What the task asks
Leave out all pictures. Extract exactly the lines from the one containing "Auf einer Seebühne" through the end of the data.

Data below
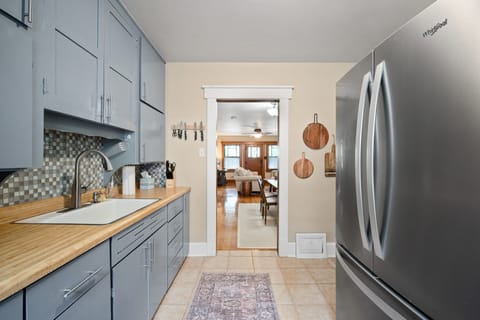 Kitchen is stocked with dishes and utensil to enjoy a home cooked meal!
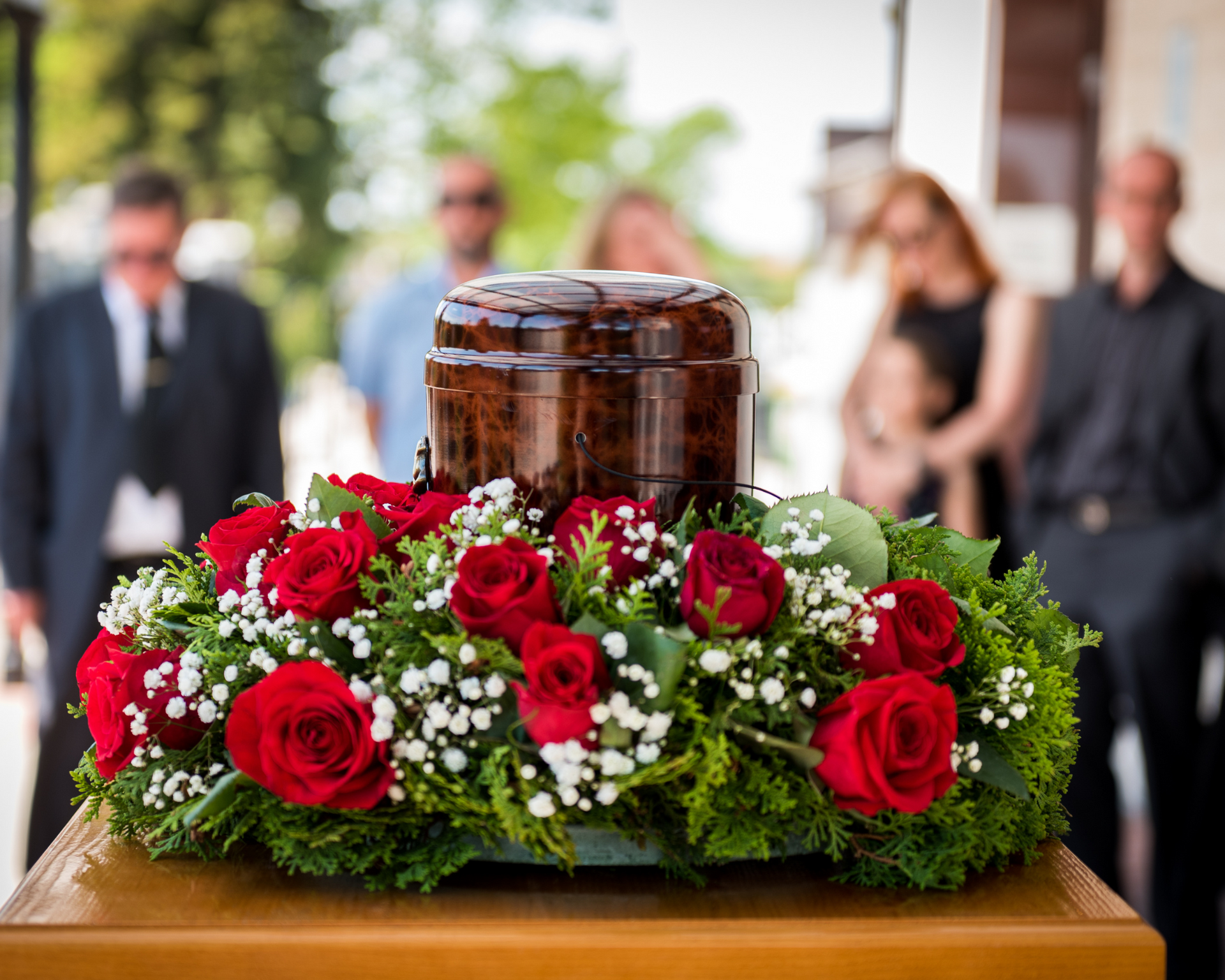 A dark wooden urn sits atop a bed of red roses and greenery, with blurred figures in the background at a funeral.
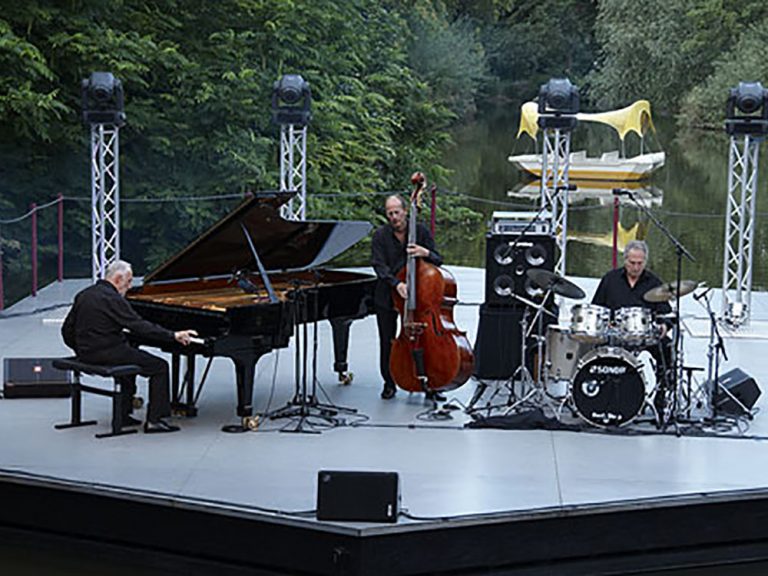 Auf einer Seebühne spielt links ein Pianist an einem Flügel. In der Mitte spielt ein Bassist seinen Kontrabass und rechts davon ein Schlagzeuger Schlagzeug. Alle drei sind schwarz gekleidet.
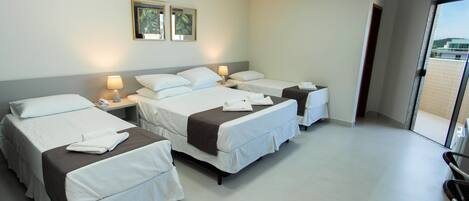 Een hotelkamer met drie bedden, een kleine tafel en een stoel.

Task output
 Auf einer Seebühne spielt links ein Pianist an einem Flügel. In der Mitte spielt ein Bassist seinen Kontrabass und rechts davon ein Schlagzeuger Schlagzeug. Alle drei sind schwarz gekleidet.
 Een hotelkamer met drie bedden, een kleine tafel en een stoel.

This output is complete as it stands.